Neura, Robotics

Neura Robotics und Bosch: Deutsche Massenproduktion humanoider Roboter

27.05.2026 - 13:31:07 | boerse-global.de

Neura Robotics und Bosch kooperieren bei der Entwicklung humanoider Roboter für die industrielle Massenproduktion.

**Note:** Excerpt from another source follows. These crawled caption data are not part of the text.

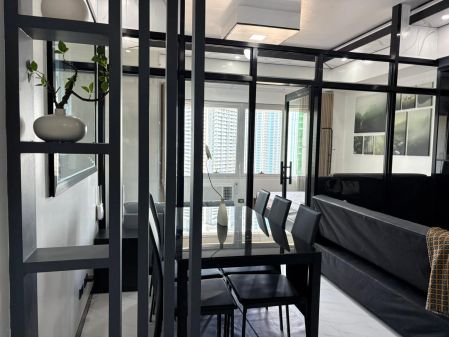 Newly Renovated 1 Bedroom Unit in Fairways Tower with Parking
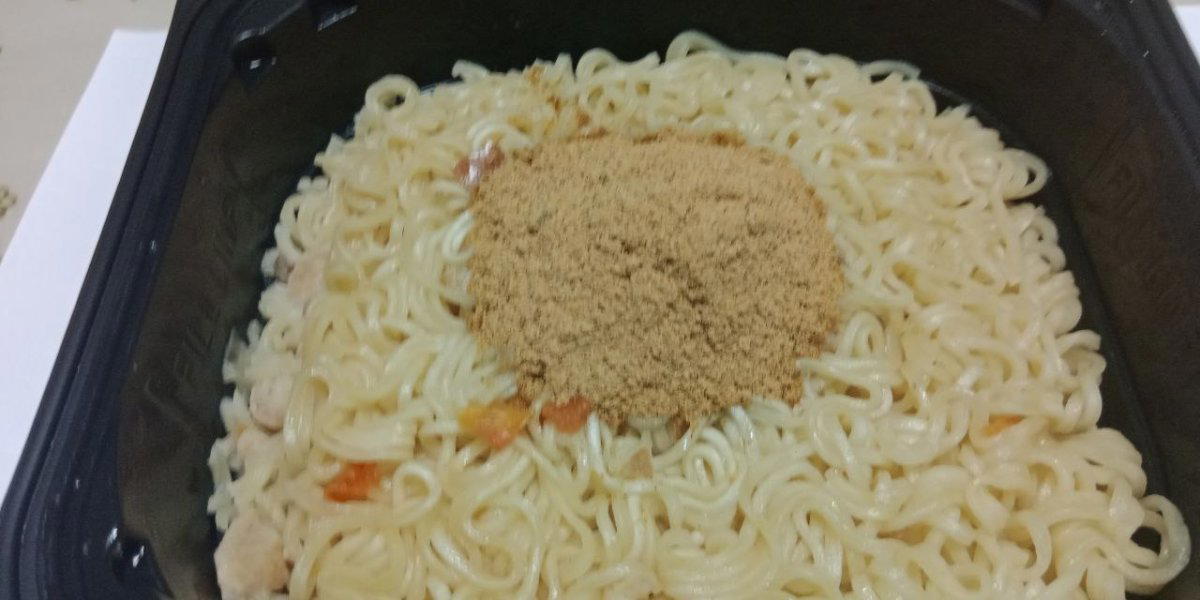 Обзор на американскую лапшу Maruchan Fire Yakisoba острая говядина со специями.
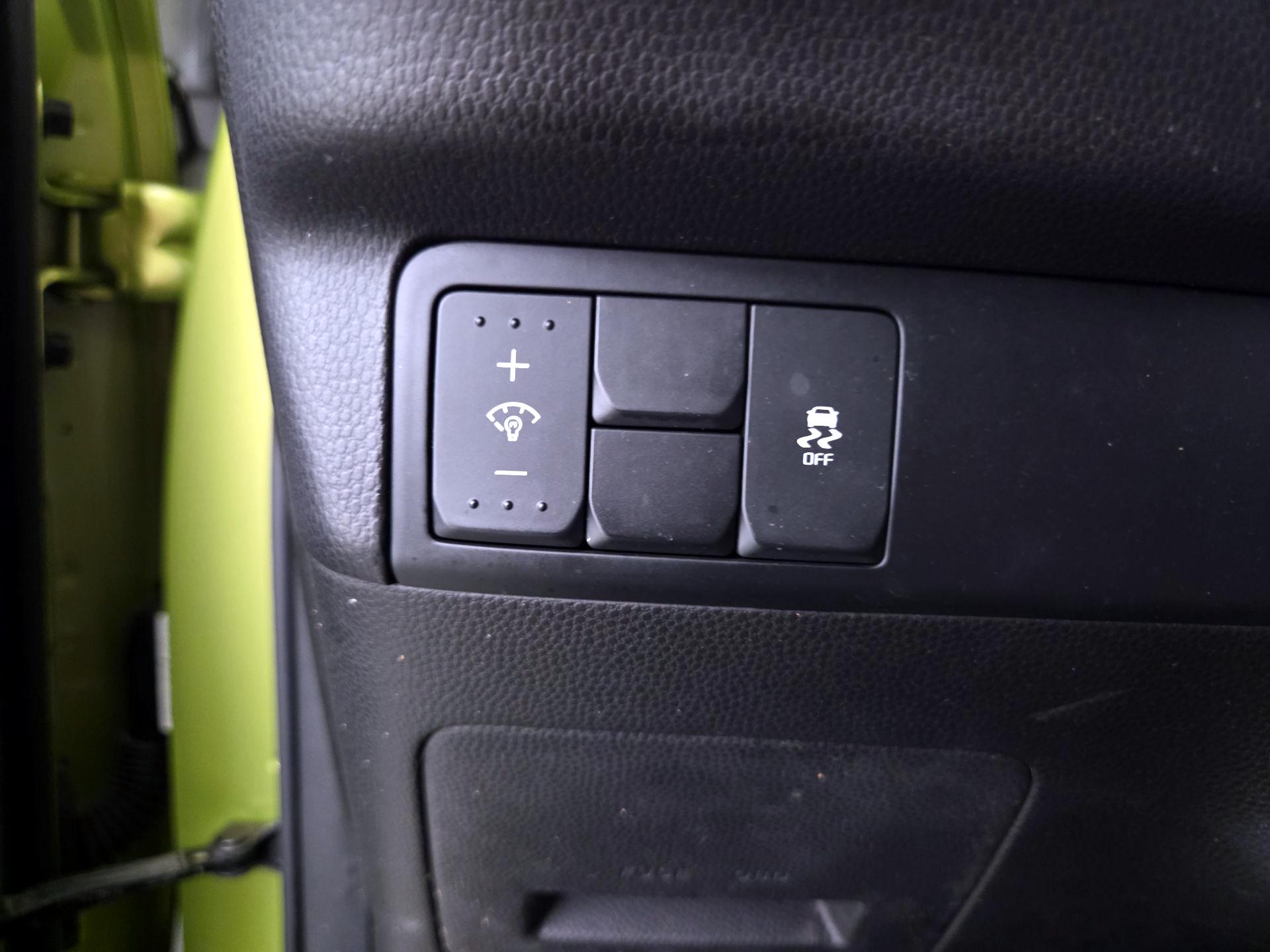 Thumbnail: 2015 Kia Soul - 13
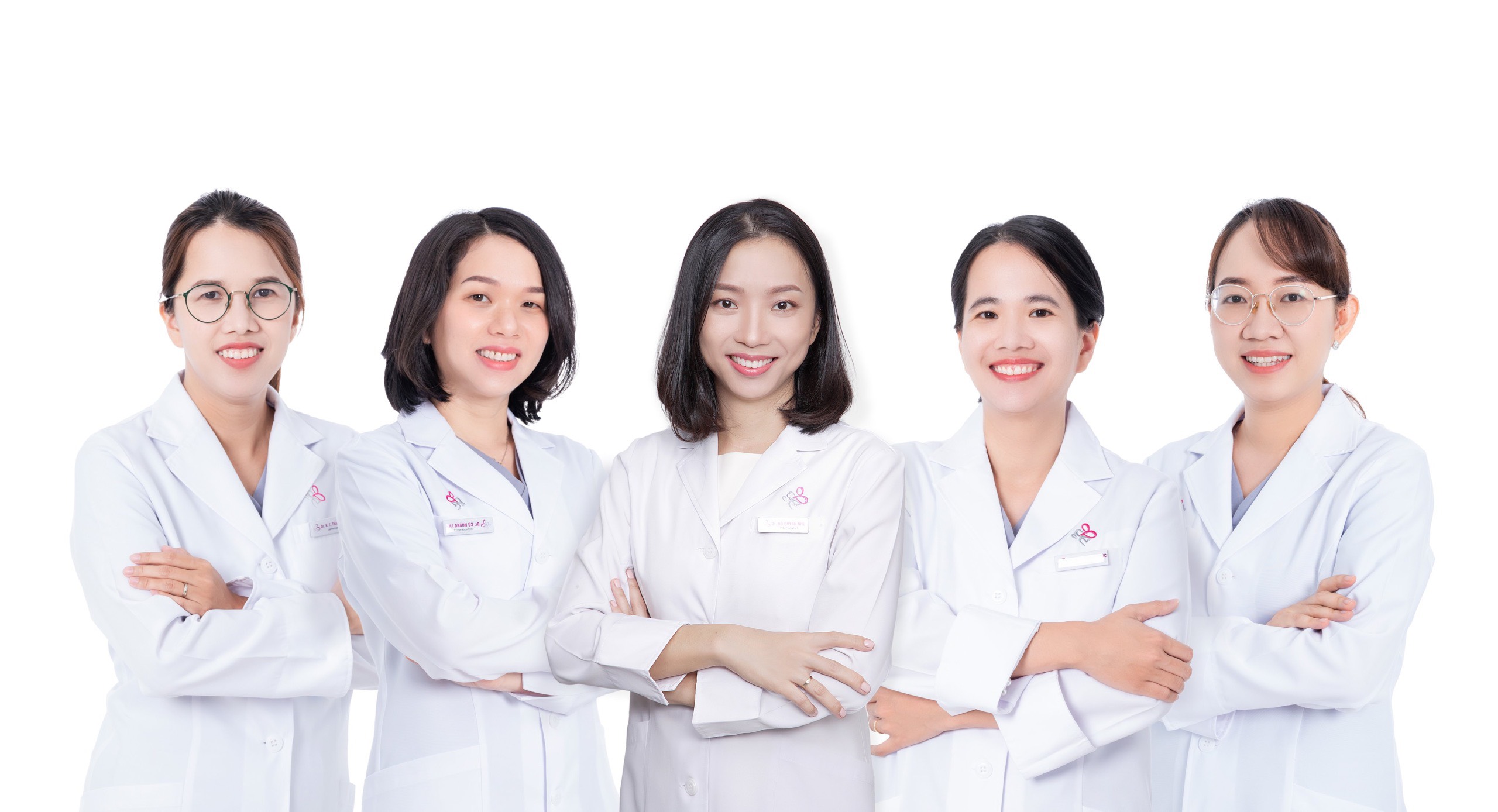 Đội ngũ bác sĩ chỉnh nha tại Elite Dental có chuyên môn cao, kinh nghiệm phong phú qua một “ngân hàng” ca niềng răng thành công.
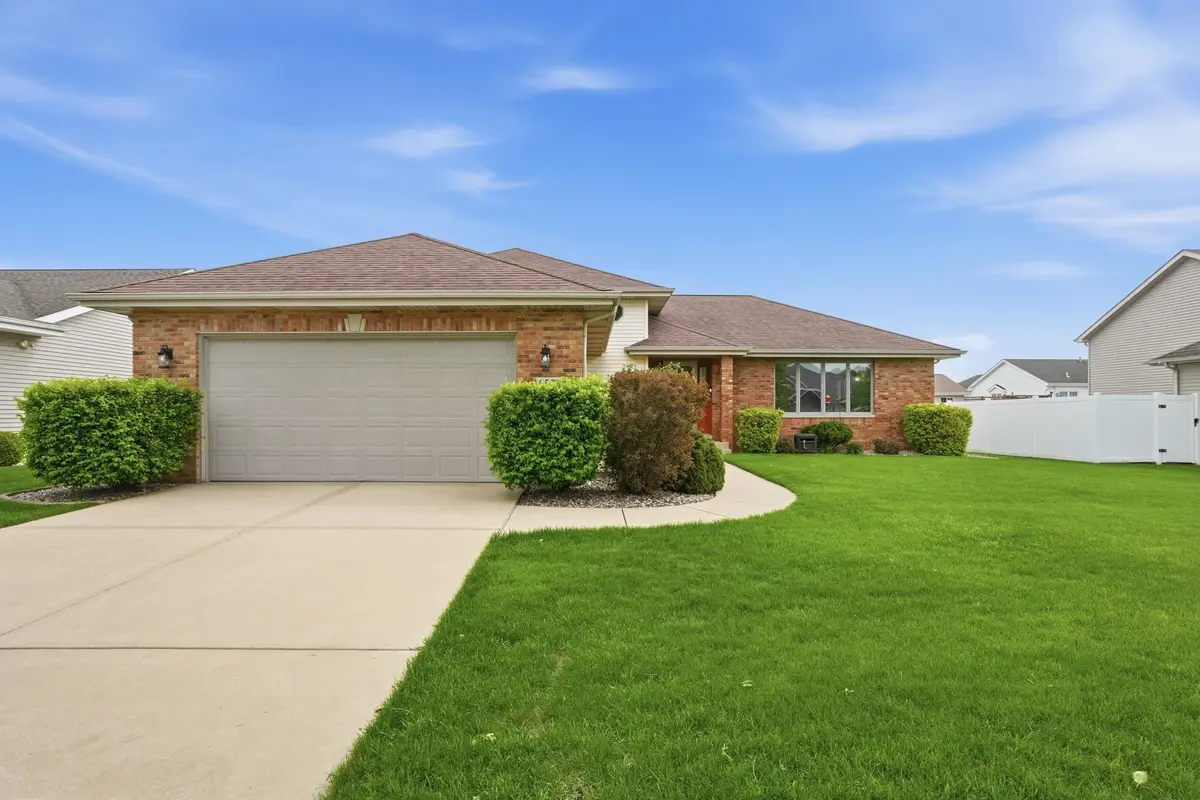 6587 Arrowhead DR, Schererville, IN 46375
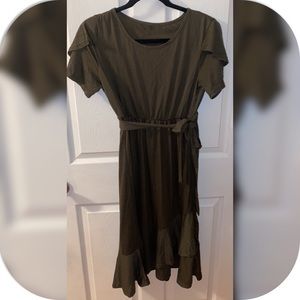NEVER WORN— Army green pedal short sleeved dress with ruffle hem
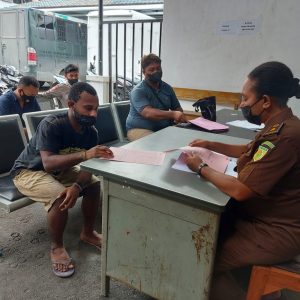 Polisi Serahkan Tersangka Pencurian Ke Kejaksaan Negeri Jayapura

Neura Robotics und Bosch: Deutsche Massenproduktion humanoider Roboter - Foto: über boerse-global.de
Neura Robotics und Bosch: Deutsche Massenproduktion humanoider Roboter - Foto: über boerse-global.de

Der Robotik-Pionier Neura Robotics und der Technologiekonzern Bosch bündeln ihre Kräfte. Gemeinsam wollen sie humanoide Roboter in die industrielle Massenproduktion bringen.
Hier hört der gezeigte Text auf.